▸ Requirement
Starting at the line that holds "woman solitaire ring 30 3D प्रिंट मॉडल", reproduce each line exactly up to and including the last line of the records below. Pictures stay out.

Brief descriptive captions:
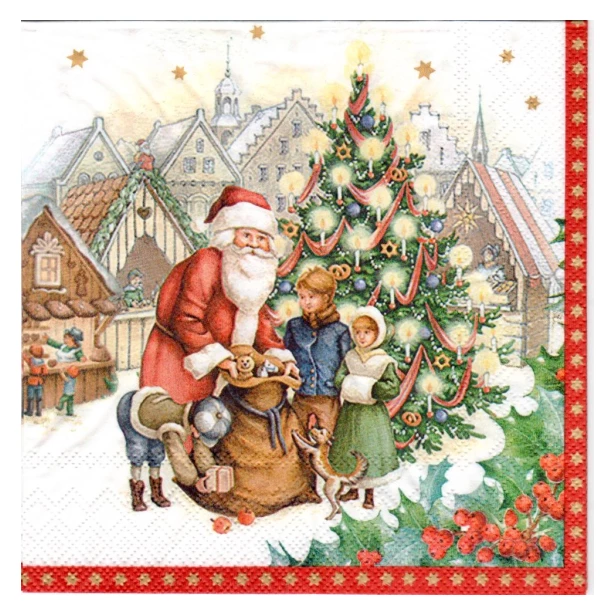 Serwetka - Mikołaj z dziećmi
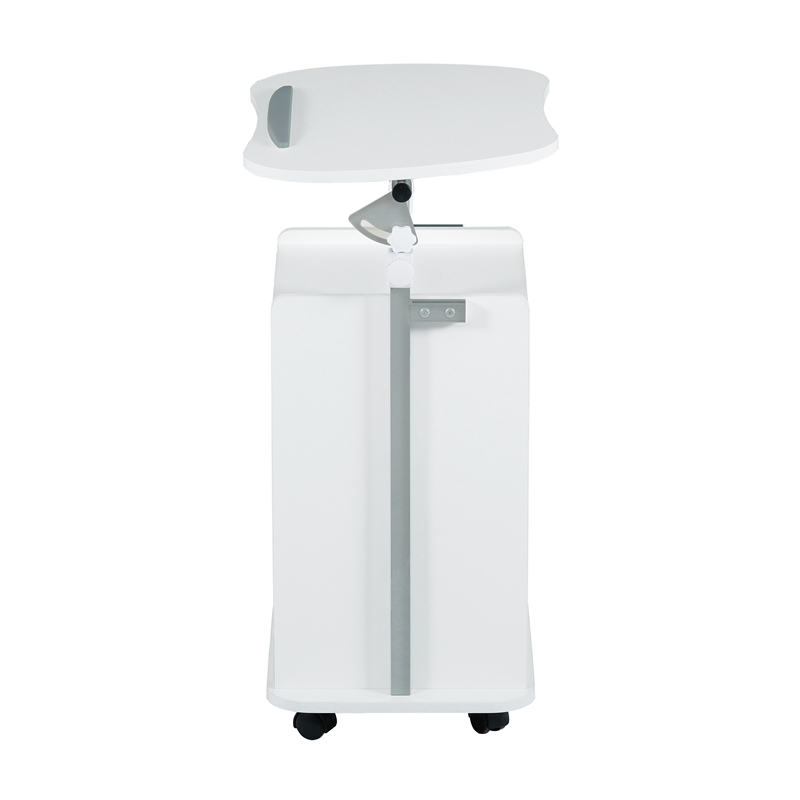 Techni Mobili White Rolling Laptop Cart - Adjustable Height Desk with Storage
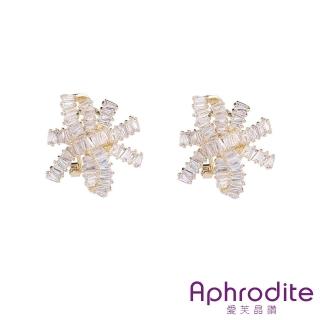 【Aphrodite 愛芙晶鑽】S925銀針耳釘 米字耳釘/S925銀針華麗方晶鋯石米字花結造型耳釘(2色任選)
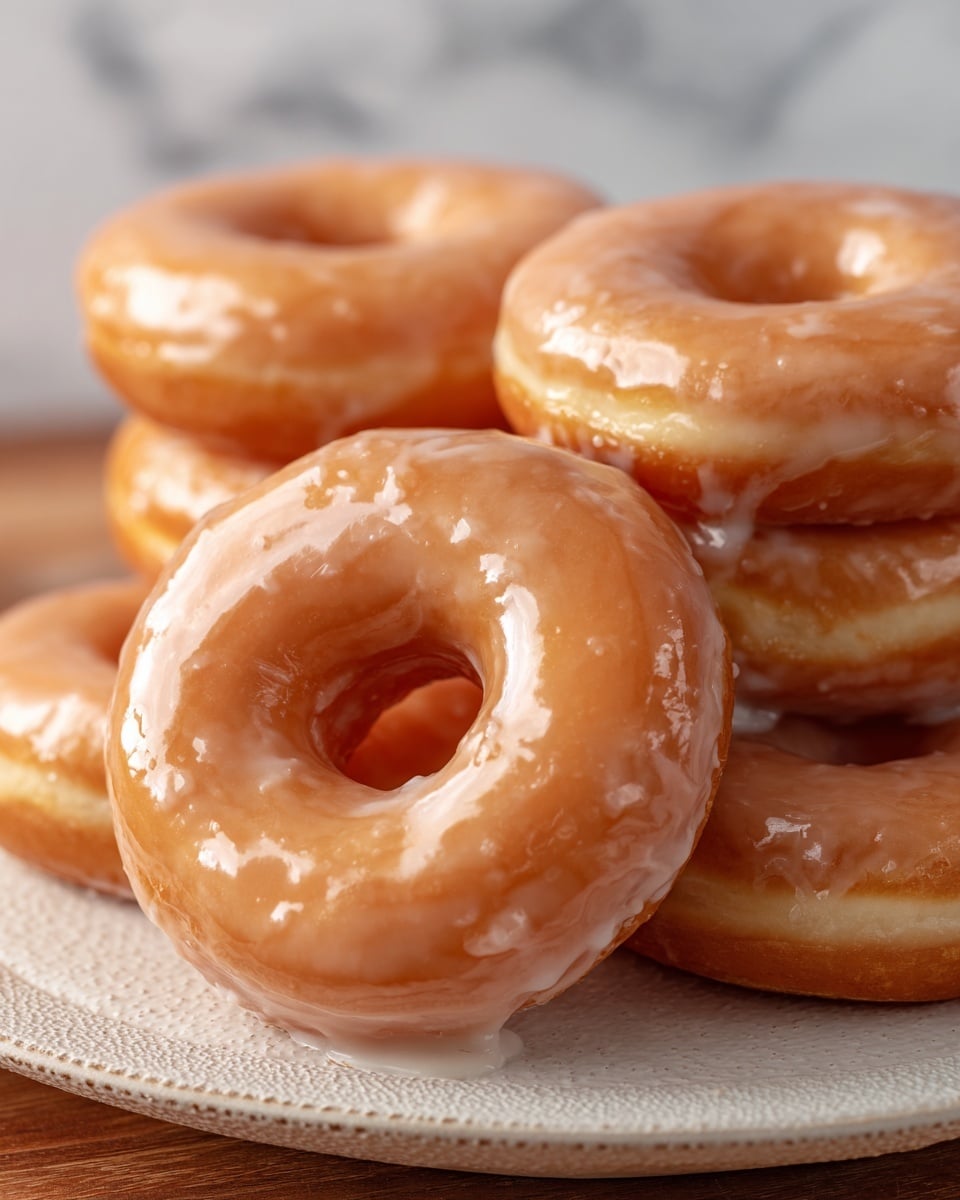 The image shows a stack of glazed donuts on a white plate with a textured edge. Each donut has a smooth, shiny glaze that covers the entire surface, giving them a glossy light golden brown color. The glaze looks slightly thick and sticky, pooling a bit on the sides of some donuts. The donuts themselves are soft and round with a hole in the center, and they are slightly raised on the edges, showing their fluffy texture underneath. The background has a white marbled texture, highlighting the warm tones of the donuts. Photo taken with an iphone --ar 4:5 --v 7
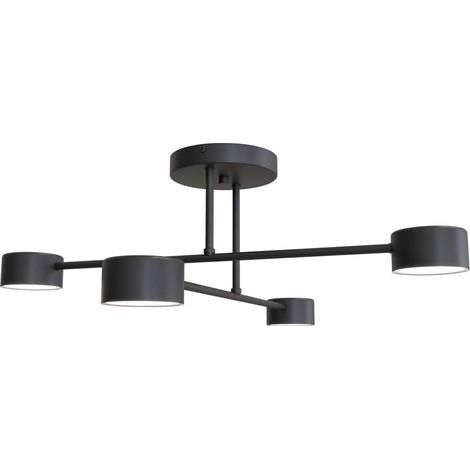 Plafón de techo Tanfa Negro (4 luces)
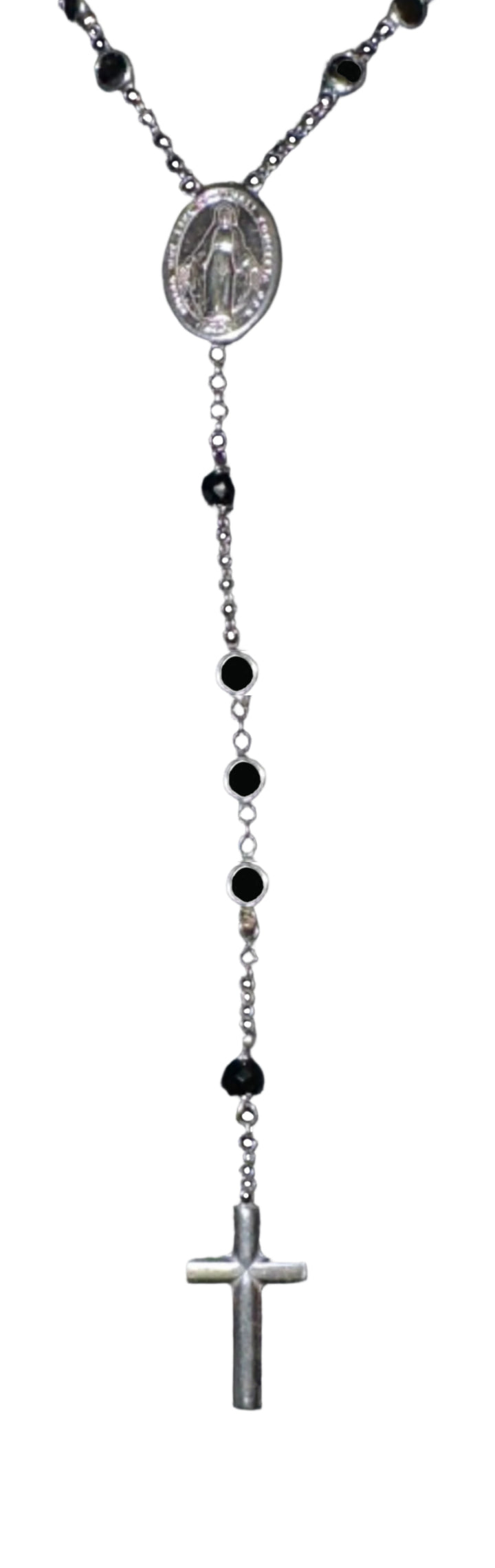 4MM Sterling Silver Dark Blue Crystal Rosary With Clasp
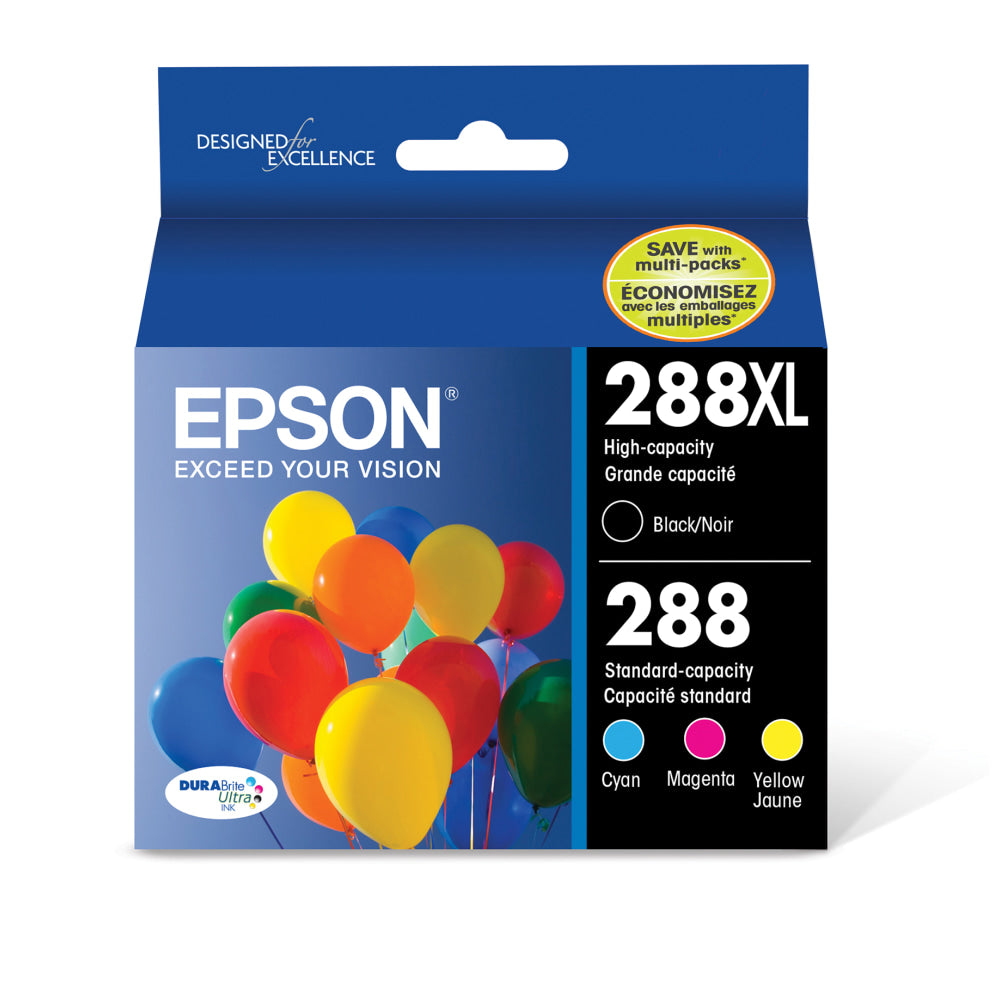 Epson 288XL Black/288 DuraBrite Cyan; Magenta; Yellow High-Yield/Standard Yield Ink Cartridges, Pack Of 4, T288XL-BCS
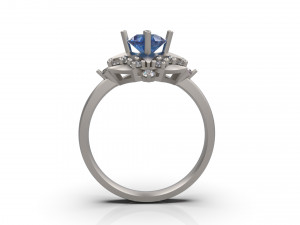 woman solitaire ring 30 3D प्रिंट मॉडल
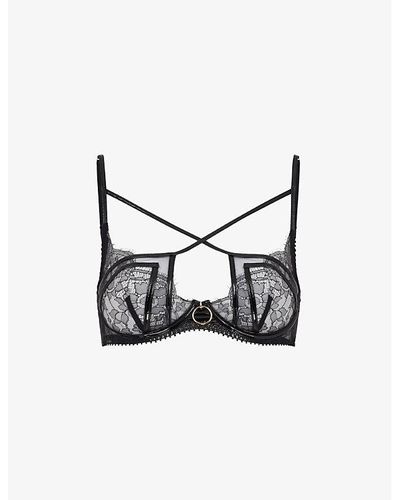 Agent Provocateur Foxie Ring-embellished Floral-lace Underwired Woven Bra - Black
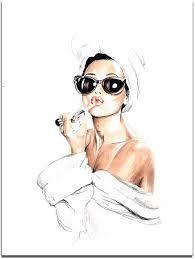 Vogue Printed, Trendy Canvas Art Lip Woman Art, Audrey Hepburn Printed,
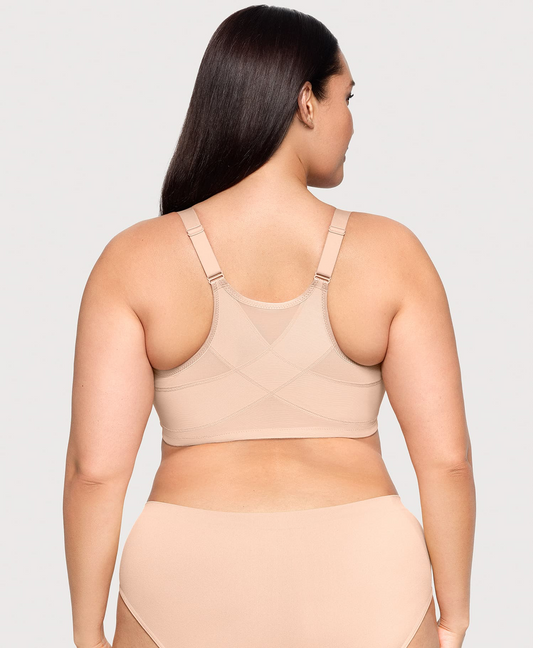 Front-Closure Posture Back WonderWire Bra - Cafe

▸ Answer
 woman solitaire ring 30 3D प्रिंट मॉडल
 Agent Provocateur Foxie Ring-embellished Floral-lace Underwired Woven Bra - Black
 Vogue Printed, Trendy Canvas Art Lip Woman Art, Audrey Hepburn Printed,
 Front-Closure Posture Back WonderWire Bra - Cafe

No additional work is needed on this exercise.